Finora si è seguito il paradigma dell’introduzione di modalità generali di snellimento dei rapporti tra le imprese e le amministrazioni: autocertificazione, silenzio assenso, SCIA.
Sennonchè questi modelli, che, pure, hanno prodotto alcuni effetti di alleggerimento degli oneri amministrativi, suppongono la persistenza delle funzioni pubbliche di controllo, non garantiscono la certezza dei rapporti giuridici e non si conciliano (spesso) con le discipline speciali, a cui le singole attività continuano a dover obbedire.
Ne consegue l’aumento dell’incertezza e della instabilità dei titoli autorizzativi così conseguiti.
Si deve, allora, seguire un metodo differente: quello della liberalizzazione delle attività economiche e, quindi, della riduzione del perimetro del controllo pubblico.
Si tratta di un lavoro complesso e certosino, che comporta la ricognizione e l’esame di tutte le procedure autorizzative.
Per ogni procedimento occorrerà verificare se esso è condizionato dall’ossequio che si deve al diritto europeo o ai valori costituzionali.
Se il regime pubblicistico è vincolato dal diritto dell’Unione o giustificato dalla necessità di presidiare valori costituzionali, gli adempimenti amministrativi non potranno essere eliminati, se non entro gli spazi (limitati) in cui i parametri di riferimento lo consentano.
Là dove, viceversa, questi vincoli non sono configurabili, si dovrà procedere, per ciascun procedimento, alla eliminazione, in tutto o in parte, dei controlli amministrativi, ritenuti eccessivi, che condizionano l’esercizio dell’attività economica di riferimento.
In particolare, secondo un apprezzamento dalla latitudine squisitamente politica, si potrà stabilire l’abolizione completa del regime pubblicistico, e, quindi, la liberalizzazione dell’attività, ovvero l’eliminazione di atti o adempimenti amministrativi endoprocedimentali superflui (pareri, nulla osta, certificazioni, assensi di altre amministrazioni), che, pure, possono costituire un onere sproporzionato.
All’esito di tale operazione si otterranno significativi vantaggi: la concentrazione delle risorse pubbliche verso le missioni essenziali dello Stato, la dismissione di funzioni non necessarie, la riduzione dei rischi di corruzione e la liberazione del naturale dinamismo dell’attività d’impresa.
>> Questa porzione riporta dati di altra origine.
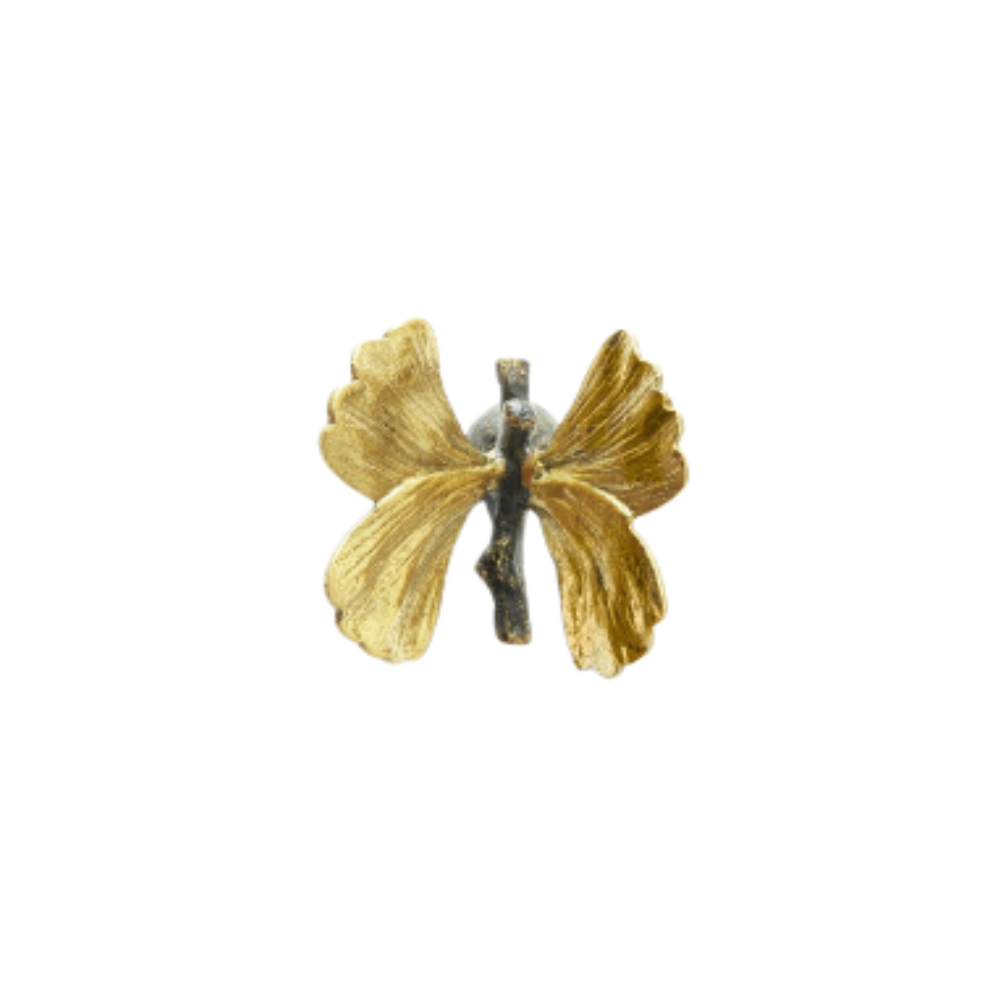 MICHAEL ARAM BUTTERFLY GINKGO SMALL DRAWER KNOB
Si raggiungerebbe, in altri termini, quella ottimale allocazione delle risorse (e dei pesi burocratici) che, secondo Pareto, produce l’effetto della migliore efficienza del sistema.
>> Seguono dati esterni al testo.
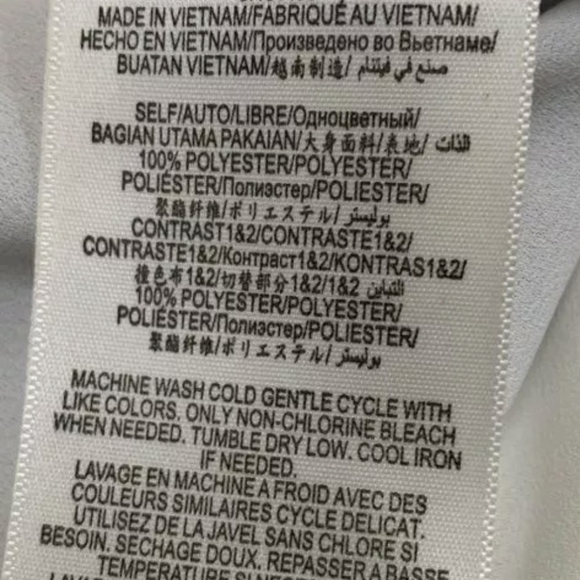 NWT BCB Generation White & Black Blouse Size SM MSRP $78 - Picture 3 of 5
E si realizzerebbero, inoltre, gli effetti benefici (anche sociali) determinati dalla ridotta interferenza, sul mercato, dei costi pubblici di transazione, secondo le dinamiche teorizzate da Coase.
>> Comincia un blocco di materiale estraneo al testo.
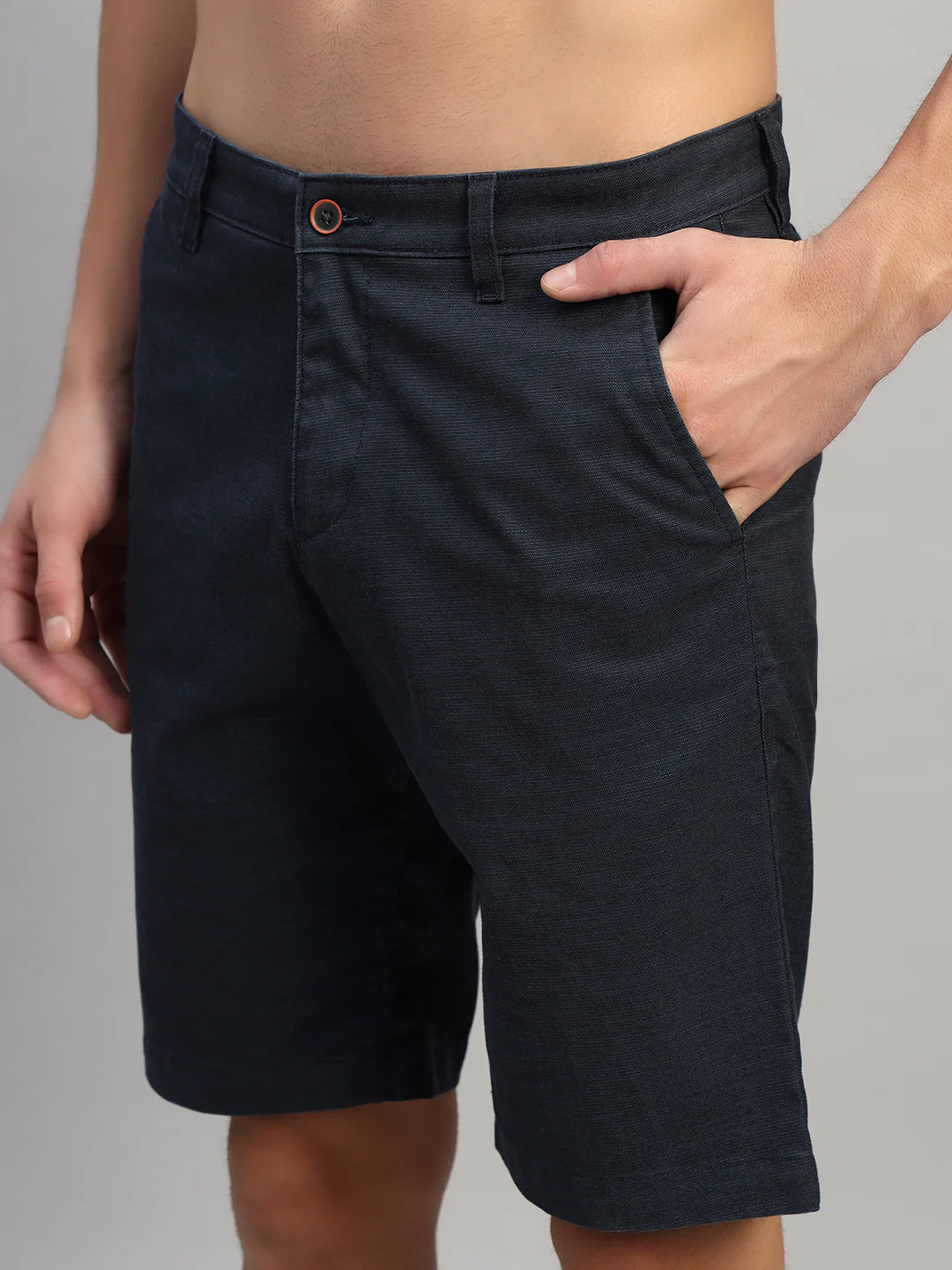 Men's Solid Mix Regular Fit Casual Bermuda - Image 7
Appare superfluo, da ultimo, avvertire che tale iniziativa esige una forte determinazione politica e il definitivo abbandono di ogni resistenza ideologica (consapevole o inconscia) a ridurre il perimetro della sfera del controllo burocratico sulle attività d'impresa.
Inutile farsi false illusioni: non c’è niente di più complicato della semplificazione amministrativa.